Maintaining balance, it turns out, is an issue that extends beyond the aesthetics of any given performance. In making a string quartet central to the undertaking, the project’s leaders say they are positing that musical format as an ecosystem, a kind of metaphor for the interconnectivity of the natural world. Any loss of equilibrium in the musicians’ interplay thus becomes a commentary on the fragility of that world.

Just as the balance between the musical parts has been an issue, so too has the balance between the project’s artistic and scientific priorities. The issue has occasionally caused “creative tension,” Mr. Davies said, noting that, over some objections and at the expense of the piece’s pacing, he had added graphic material that helped drive home his points about sustainability.

“I think it’s a little bit longer than what we might ask for artistically,” he said.

Meanwhile, Mr.

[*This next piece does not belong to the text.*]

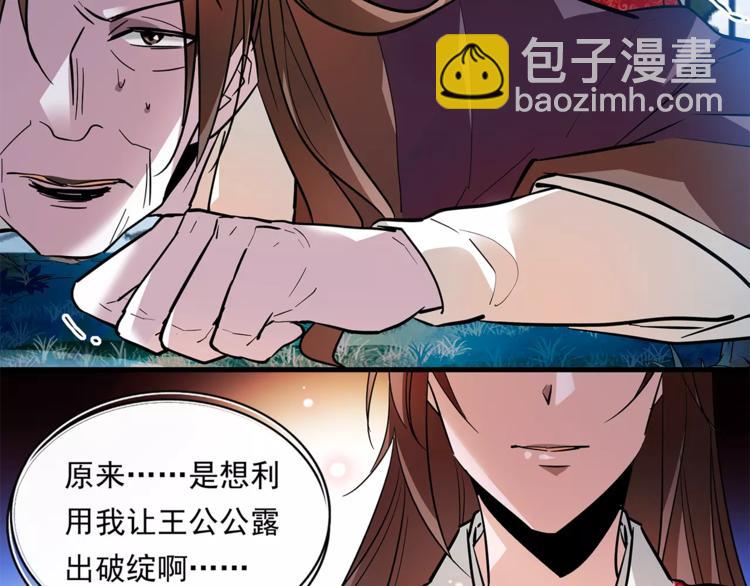 《皇上，请你宠宠我！》第75话 我想到的不是你 第47页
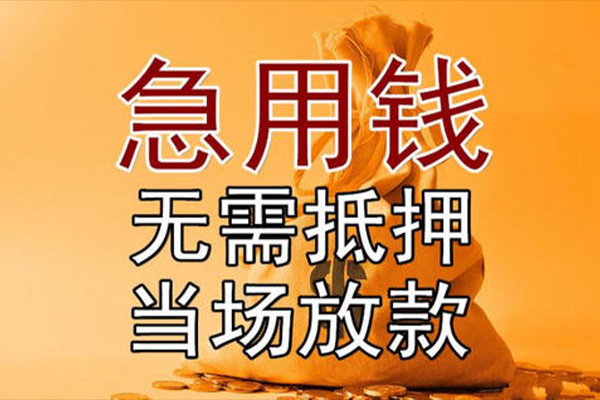 东莞大朗镇小额贷款地址-东莞大朗镇全天候办理借款-东莞大朗镇信用贷款网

Davies acknowledged not having offered enough commentary on big money’s influence in shaping environmental policy, even as he expressed confidence in his decision to eliminate photographic references to specific corporations. The references, he said, often came across as heavy-handed and, with Garth Lenz’s photos of degraded landscapes and other scenes of devastation left in place, the piece has emerged stronger without them.

Not that this measure of restraint has mollified all skeptics. Mr. Davies said a performance in Libby Gardner Concert Hall at the University of Utah in Salt Lake City last April — one of eight performances since the work in its current form had its premiere in September 2012 — prompted critical letters and a handful of walkouts. Mostly, however, audiences have been sympathetic to the project’s message and, in some cases, motivated to take action.

Ms. Kaminsky said exposing her students to “The Crossroads Project” and requiring them to respond artistically to climate change has yielded “Freeze, Melt, Flood,” a multimedia piece that will be performed in the upper lobby of the Recital Hall before “Crossroads.” The piece will feature students’ original music and artwork, including an hourglass-shaped plexiglass sculpture through which melting ice will drip, symbolizing global warming and the passage of time. Microphones will capture the sound of water dripping as an actor reads deconstructed texts by the author Naomi Klein.

“The students started out sort of cynical and apathetic,” Ms. Kaminsky said. “By the middle of the semester, after having read a lot of articles and engaging with the content, they embraced it.”